Mr Stijn Elebaut has been a director of Retail Estates since 24 April 2019. Mr Elebaut earned a licentiate degree in commercial sciences and an MBA in Financial Management at Vlerick Management School.

He has held the position of Portfolio Manager at Federale Verzekeringen since 2017. Previously he had been Portfolio Manager at Société General Private Banking since 2004. He worked at Toshiba from 2001 to 2004.

Current mandates: / Committee: /

G. Mr Christophe Demain

Mr Demain has been a nonexecutive director of Retail Estates since 30 June 2013. He earned his degree in Applied Economic Sciences at the Université Catholique de Louvain (UCL).

He is the Chief Investment Officer at Belfius Insurance. He started his career as a trader with Crédit Général and later with Ippa Bank. From 1999 to 2009, he held different positions within Axa. He has been Chief Investment Officer at Belfius Insurance since 2013.

Current mandates:

  • − Chief Investment Officer at Belfius Insurance nv
  • − Director of Belwing nv
  • − Director of Rekode nv
  • − Director of Elantis nv
  • − Director of Belfius Investment Partners nv
  • − Director of Newton Biocapital I, Pricaf Privée sa
  • − Director of various real estate companies of Belfius Group (i.e. LFB nv, Legros-Renier, Les Amarantes Seigneurie de Loverval nv, Coquelets nv, Immo Malvoz bvba, Immo Zeedrift nv, ImmoActivity nv and Offico Immo nv).

Previous mandates:

  • Director of Auxipar nv (until 2018)
  • Director of Cofinimmo nv (until 2017)
  • Director of First Retail International nv (until 2017)
  • Director of First Retail International 2 nv (until 2017)
  • Director and liquidator of AIS Consulting sa (until 2014)
  • Permanent representative of AIS Consulting sa, manager of SCI St Mesmin (until 2014)

Committee: /

H. Ms Ann Gaeremynck

Ms Ann Gaeremynck has been an independent director of Retail Estates since 4 April 2017.
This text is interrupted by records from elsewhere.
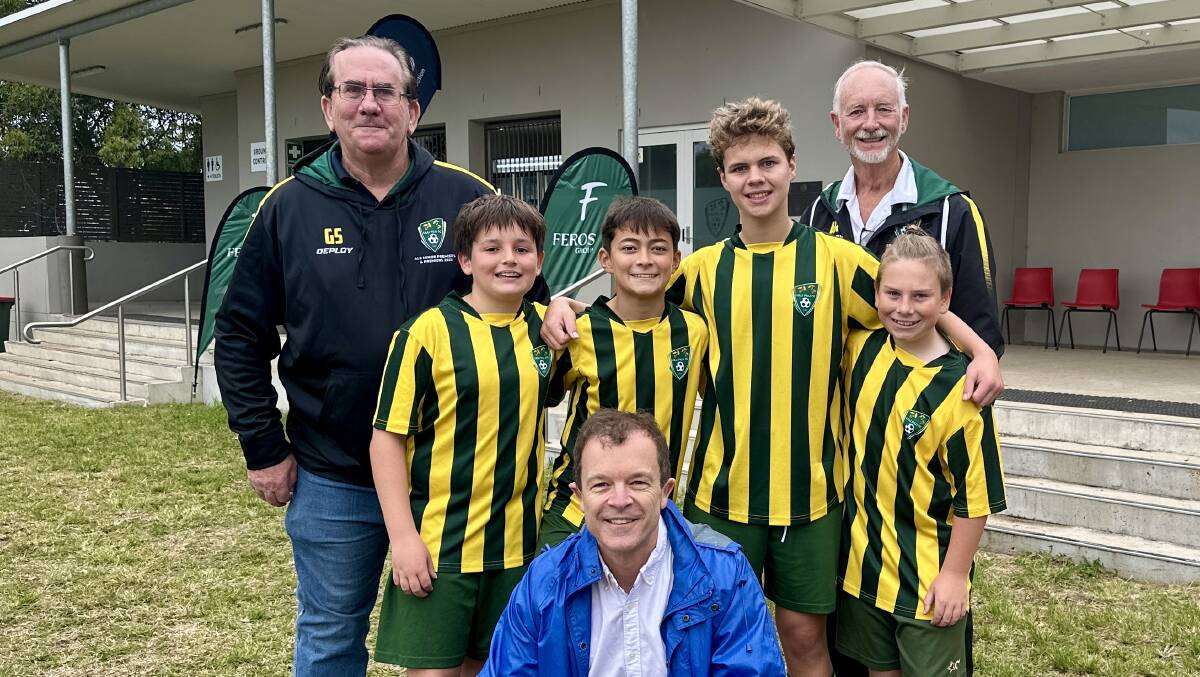 Mark Speakman shares the news of a grant with Lilli Pilli Football Club president Greg Storey (left), player development director Andy Read and U/13 club players. Picture supplied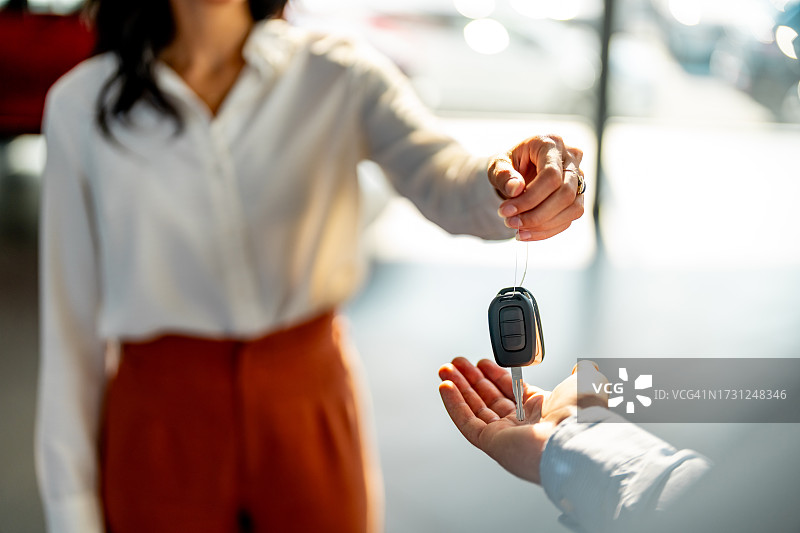 销售人员在汽车经销店将车钥匙交给顾客图片素材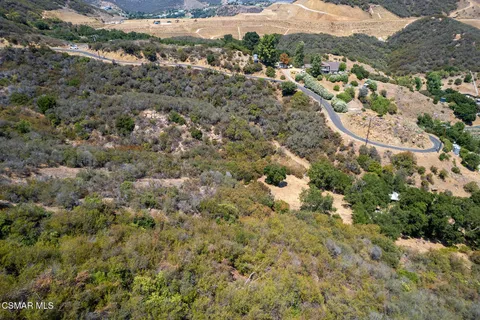 an aerial view of a houses with a yard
Ms Ann Gaeremynck is a doctor in Applied Economic Sciences. She obtained her degree at the Catholic University of Leuven.

Ann Gaeremynck is full professor at the Faculty of Business and Economics of the Catholic University of Leuven.

Her main research interests lie in the field of governance, audit and financial reporting.

Current mandates:

  • Director of VIVES University College
  • Director of ICCI (Information Centre for Company Auditors)

Previous mandates:

− External member of the audit committee of AZ Delta

Committee:

  • − Audit committee
  • − Remuneration and nomination committee

I. Mr Victor Ragoen

Mr Victor Ragoen has been a director of Retail Estates since 5 November 2004.

He served as managing director of New Vanden Borre NV until 31 January 2015. He obtained a licentiate degree in Commercial Sciences and Financial Sciences and a master's degree in marketing at the Vlerick School.

He started his career at Ogilvy & Mather as junior account executive in 1980 and switched to BBDO in 1981. From 1982 to 1991, he held several marketing positions within American Express. From 1991 to 2007, he served as managing partner and later as managing director of Vanden Borre. From 2007 to 2011, Mr Ragoen was vice chairman of KESA Electricals. From May 2011 to February 2015, he served as managing director of Vanden Borre once again.

Current mandates:

− Advisory position at FNAC Vandenborre

Committee:

− Remuneration and nomination committee

J. Mr Jean Sterbelle

Mr Jean Sterbelle has been a director of Retail Estates since 12 April 2013.

He obtained a graduate degree in real estate and a real estate agent certificate at INFAC.

From 1989 to 1990, he served as deputy of the safety and buildings manager of Morgan Guaranty Trust Company of New York (Euroclear Operation Centre).

From 1990 to 2007, he held several real estate related positions within the Fortis group.

From 2007 to June 2014, he served as Head of Real Estate Commercial Management at AXA Belgium – Letting & Investment.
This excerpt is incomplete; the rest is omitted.